__REQUIRED ACTION__. Taking the line with "Satılır 3 otaqlı" as the first and the line with "cupocodeocnj's tweet photo." as the last, set down exactly every line in that range from the entries below, and no more.

__ENTRIES SUPPLIED__.
=-=-=

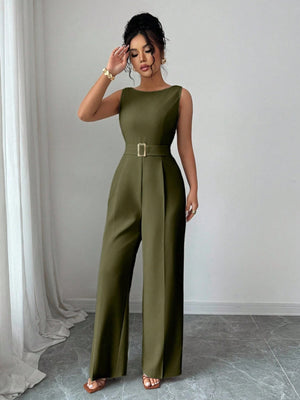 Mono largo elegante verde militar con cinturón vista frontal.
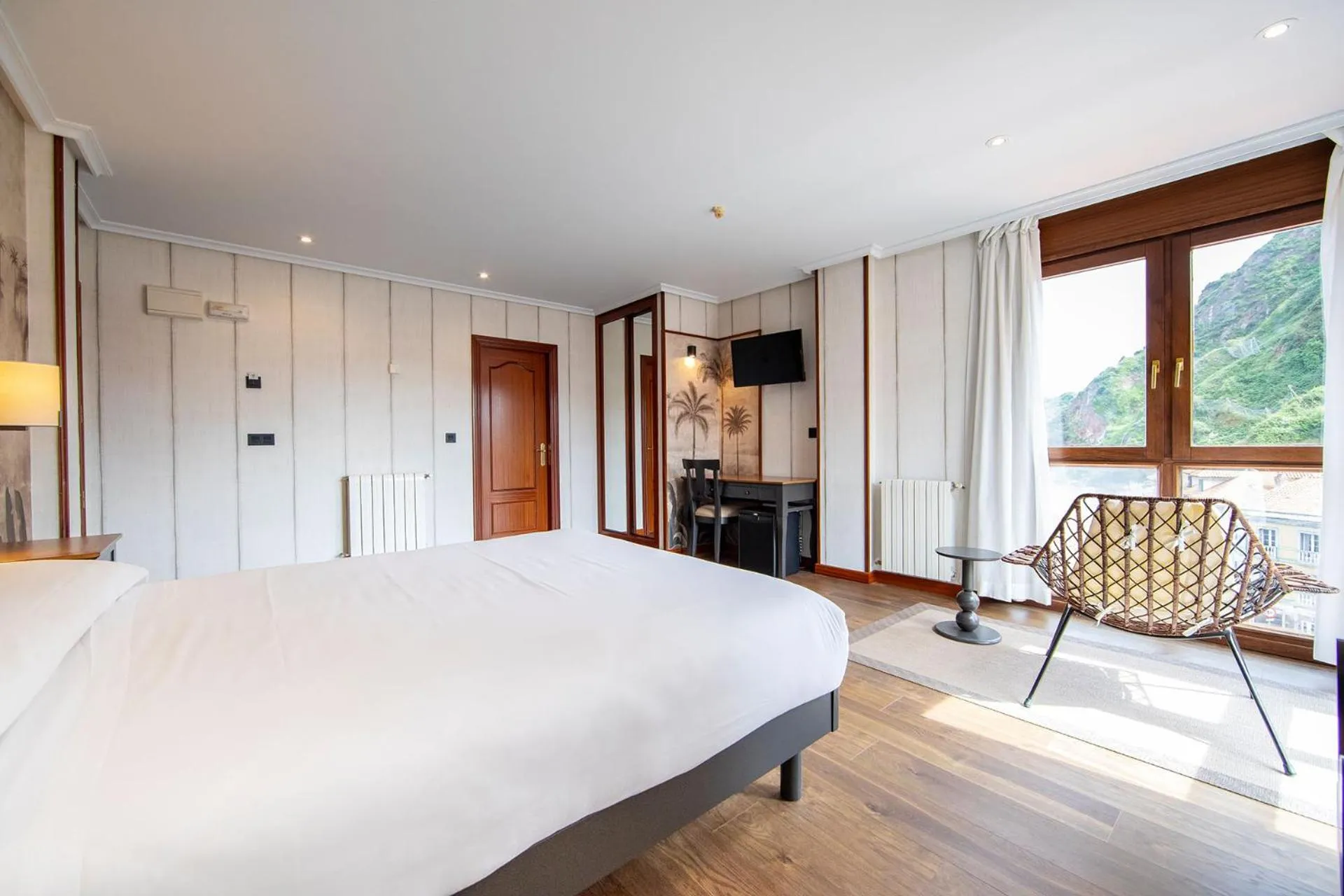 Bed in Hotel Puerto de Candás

=-=-=

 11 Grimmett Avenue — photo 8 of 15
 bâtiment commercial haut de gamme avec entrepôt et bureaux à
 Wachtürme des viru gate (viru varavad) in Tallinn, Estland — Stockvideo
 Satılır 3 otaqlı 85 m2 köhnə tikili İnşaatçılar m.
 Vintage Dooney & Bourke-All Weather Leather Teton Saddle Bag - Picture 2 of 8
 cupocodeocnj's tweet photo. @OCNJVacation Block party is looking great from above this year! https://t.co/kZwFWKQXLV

=-=-=

__EXERCISE RESPONSE__.
 Satılır 3 otaqlı 85 m2 köhnə tikili İnşaatçılar m.
 Vintage Dooney & Bourke-All Weather Leather Teton Saddle Bag - Picture 2 of 8
 cupocodeocnj's tweet photo. @OCNJVacation Block party is looking great from above this year! https://t.co/kZwFWKQXLV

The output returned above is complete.